The CATIE-AD trial, the largest randomized comparison of olanzapine, quetiapine, and risperidone in Alzheimer’s, found adverse effects offset efficacy advantages over placebo across all three drugs.9 The drugs work modestly for severe symptoms; harms are quantifiable; appropriate use is short, monitored, and reserved for cases where non-drug approaches have failed.

How Choma Fits With the Older Risperidone Literature

The 1.28 overall HR sits inside a stable historical band:

  • Schneider 2005 meta-analysis (15 RCTs, 5,110 dementia patients): atypicals increased mortality (OR 1.54, 95% CI 1.06–2.23) and cerebrovascular events (OR 1.9, 1.08–3.35) vs. placebo — the dataset that drove the FDA’s 2005 class-wide warning.10
  • Douglas & Smeeth 2008 (BMJ self-controlled case series): rate ratio 2.32 for atypicals overall; 3.50 in dementia specifically.2
  • Sacchetti 2010 systematic review: 1.3- to 2-fold elevated stroke risk in users vs. non-users; no clear class difference between typicals and atypicals.4
  • Mok 2024 (BMJ, 173,910 dementia patients): stroke HR ~2 in the first 90 days, attenuating thereafter; broader harm profile spanning VTE, MI, heart failure, fracture, pneumonia.8

RCT estimates run higher than cohort estimates — relative risks above 3 in pooled trial data vs. ~1.3 in real-world cohorts.1,10 Two plausible explanations: patients prescribed risperidone in routine care differ from trial enrollees in unmeasured ways, and RCTs are short (6 to 12 weeks), capturing the early high-risk window while cohort studies dilute over longer follow-up.

The most defensible read: a 12-week HR around 1.6 to 2.0 best estimates the acute effect; 1-year HR around 1.3 over longer treatment; and absolute risk depends overwhelmingly on baseline cerebrovascular history.
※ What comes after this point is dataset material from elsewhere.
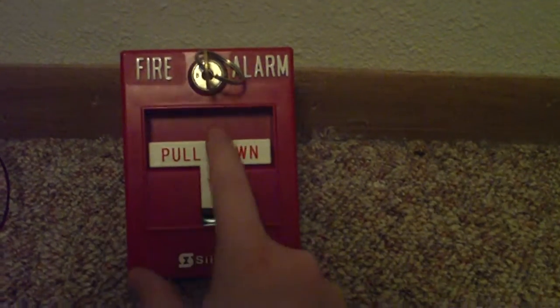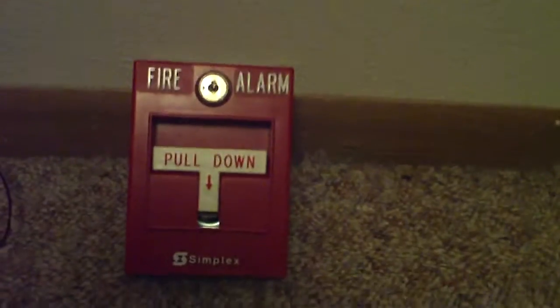To summarize: pull it, open it, reset it, lock it — and that is it. Thank you for watching and have a good day.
Limitations of the Choma Analysis

Confounding by indication is the central caveat. Risperidone in UK primary care is licensed only for severe, persistent aggression. Patients who get prescribed are systematically sicker and more agitated than matched controls in ways the propensity model can’t fully capture.1 Mueller 2021 found risperidone prescribed for psychosis carried higher stroke risk than risperidone prescribed for agitation — an indication signal CPRD couldn’t reliably distinguish.12

Stroke severity wasn’t captured. CPRD records the event but not the disabling outcome. The hospital-admission-only sensitivity analysis — likely capturing more severe events — produced consistent HR estimates.1

Dementia subtype was not reliably distinguishable. The cohort is “all-cause dementia.” Lewy body dementia carries a separate, well-documented hypersensitivity to antipsychotics, and risperidone is generally contraindicated there.5 Choma’s results don’t specifically apply to Alzheimer’s, vascular, or Lewy body subtypes.

Adherence and dose were inferred from prescription records. CPRD captures issued prescriptions, not collected pills. Misclassification typically attenuates effects toward the null, so true HRs may be slightly higher than reported.
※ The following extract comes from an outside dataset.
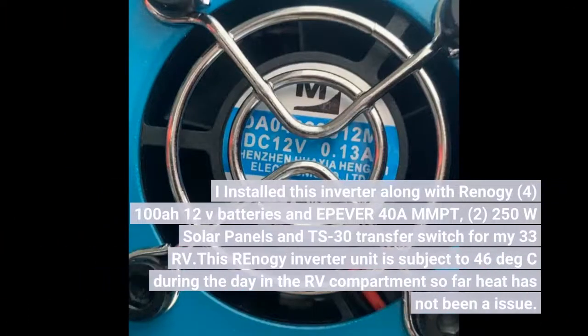I installed this inverter along with Renogy four 100A 12V batteries, an Epever 40A MPPT, two 250W solar panels, and a TS30 transfer switch for my 33' RV. This Renogy inverter unit is subject to 46 degrees Celsius during the day in the RV compartment — so far heat has not been an issue.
The dataset is UK-specific. Risperidone is the only antipsychotic licensed for severe aggression in dementia in the UK and EU; in the US it’s off-label and quetiapine dominates prescribing. Generalizability to US practice is approximate.

Practical Use of Risperidone in Dementia

The data don’t support either extreme — “never prescribe” or “the warning was overblown.”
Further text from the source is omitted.